During prosecution, the USPTO rejected the claims — finding that they lacked written description support.  Although the specification does describe embodiments with different numbers of dials, the PTAB held that the specification does not describe a “set of locks” that include both sets of embodiments.  This case fits within the line of written description cases where all of the elements of a claimed invention are described, but where the specification does not describe how to fit those various elements together.

On appeal, the Federal Circuit vacated-and-remanded — holding that the PTAB had failed to fully consider the additional specification provided by the continuation-in-part. Here, the CIP did add some info, but only obliquely — indicating that a single master-key could “include special locks having a multiplicity of sub-types, such as different sizes, different manufacturing designs or styles, etc.”
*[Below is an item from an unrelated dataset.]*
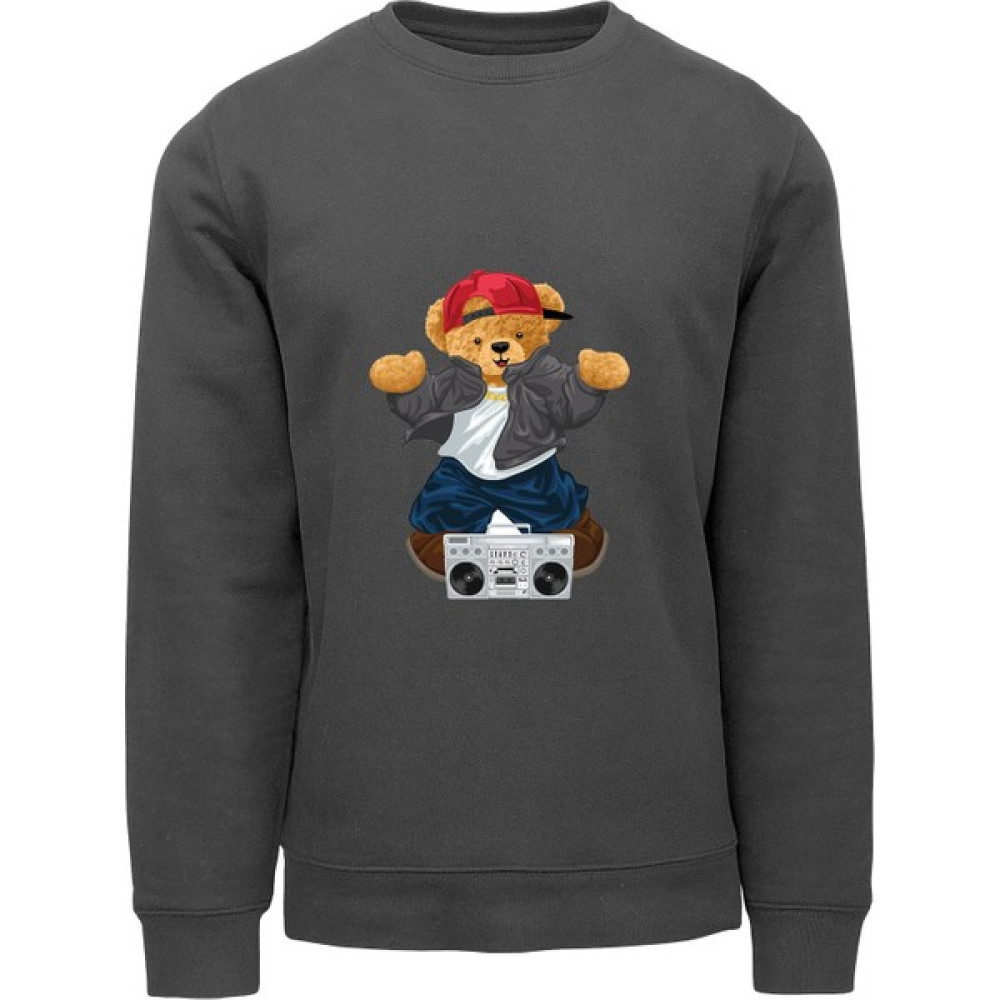 Ada Bebek Çocuk Oversize Hiphop Bear Baskılı Çocuk Sweatshirt Erkek Çocuk Sweatshirt Fiyatı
In its decision, the PTAB had seemly incorrectly refused to consider the added disclosure from the CIP — calling it “new matter.”   Of course, the whole point of filing a Continuation-in-Part application is to add new matter — totally permissible.   Waldemar Link v. Osteonics Corp., 32 F.3d 556, 558 (Fed. Cir. 1994) (“Claims containing any matter introduced in the CIP are accorded the filing date of the CIP application. However, matter disclosed in the parent application is entitled to the benefit of the filing date of the parent application.”).

Written description is a question of fact an so PTAB determination is ordinarily given deference on appeal. Here, however, the appellate panel identified the error as “failure to consider the totality of the record in assessing written description” — which is an error of law reviewed de novo on appeal.

On remand, the Board will reconsider the issue of written description — looking particularly to whether the new disclosure found in the CIP is sufficient to prove possession of the claimed “set of locks” invention.

= = = = =

I wonder whether Tropp will have a trademark problem. His patents are assigned to his small Brooklyn company “Iowa Hawkeyes LLC.”

11 thoughts on “Locking Down Written Description and Continuations-in-Part

  1. 2

    This may be academic, since a claim limited to a set of different locks would seem to easily avoid infringement by only marketing identical locks with the same combination dials [alternatively openable with a master key]?

  2. 1

    Congratulations to a diligent examiner here who read the spec and applied 112.
    If the applicant is now only relying on the filing date of the CIP for possible 112 written description of the invention, then additional prior art between the original an CIP date may be applicable. [Examiners are supposed to search for prior art up to the CIP date.] Even public disclosures of the invention by the inventor more than a year before the CIP filing date.

    1. 1.1

      Priority (earlier support) was not an issue in this appeal because the Board reversed the rejection over prior art. Actually, the Examiner found that the present specification (including the new matter) does not provide adequate written description. The Board adopted that finding. It’s likely the decision would have been affirmed (or not appealed) if the Board had left out one head-scratcher of a footnote.

    2. 1.2

      Paul, from the Patent Docs blog I copy below a paragraph which includes the text of a “Footnote” to Judge Moore’s decision. Note in particular the word “entire”.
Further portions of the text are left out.